On the other hand, housing prices have dropped considerably.


----------



## RICHNTRISH (Jun 4, 2008)

synthia said:


> In some parts of Florida it can be impossible. The insurance companies have been badly burned by hurricanes. You can't get a mortgage without insurance, so unless you are prepared to pay cash, holding the house without insurance won't be possible.
> 
> On the other hand, housing prices have dropped considerably.

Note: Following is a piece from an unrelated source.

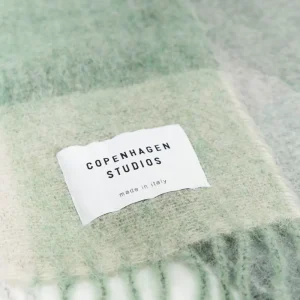 Schals-COPENHAGEN STUDIOS Cph Shawl 4 Wool Mix Jade Green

Thanks , we were planning to buy with cash , so hopefully it shouldn't be a problem , but i 'd be worried about not having insurance . What sort of areas are uninsurable ? coastal regions i guess ?
Its the same in the UK , insurance companys have had to pay out alot on flooding lately so lots of places are are being threatened with premium hikes as the insurance companys are upset about only having multi million pound profits !


----------



## tampa_man_33 (Jun 12, 2008)

You should have no problem with homeowner insurance in Florida. Typically if you live near a coastal community you will have to pay flood insurance on top of your homeowners insurance.


----------



## synthia (Apr 18, 2007)

There have been problems reported in the papers about people having trouble finding insurance, especially up in the panhandle. A lot of companies simply stopper writing insurance in Florida. It's a lot easier in the Tampa/St. Pete area as we usually only get indirect hits.


----------



## twostep (Apr 3, 2008)

Depending on the location of your property it may be in a socalled flood plane. Banks require flood insurance across the board. Without a lein on your property it is your decision. Remeber - flood insurance has to be in effect a minimum of 30 days to apply.
Premiums depend on a number of factors - location, age, previous history of property, size, appraisal, type of coverage.
Pick something off a realtor's website and run through a number of insurance quotes. Google is your best friend. Call for help if you need it.
One of your issues will be lack of insurance and credit history.


----------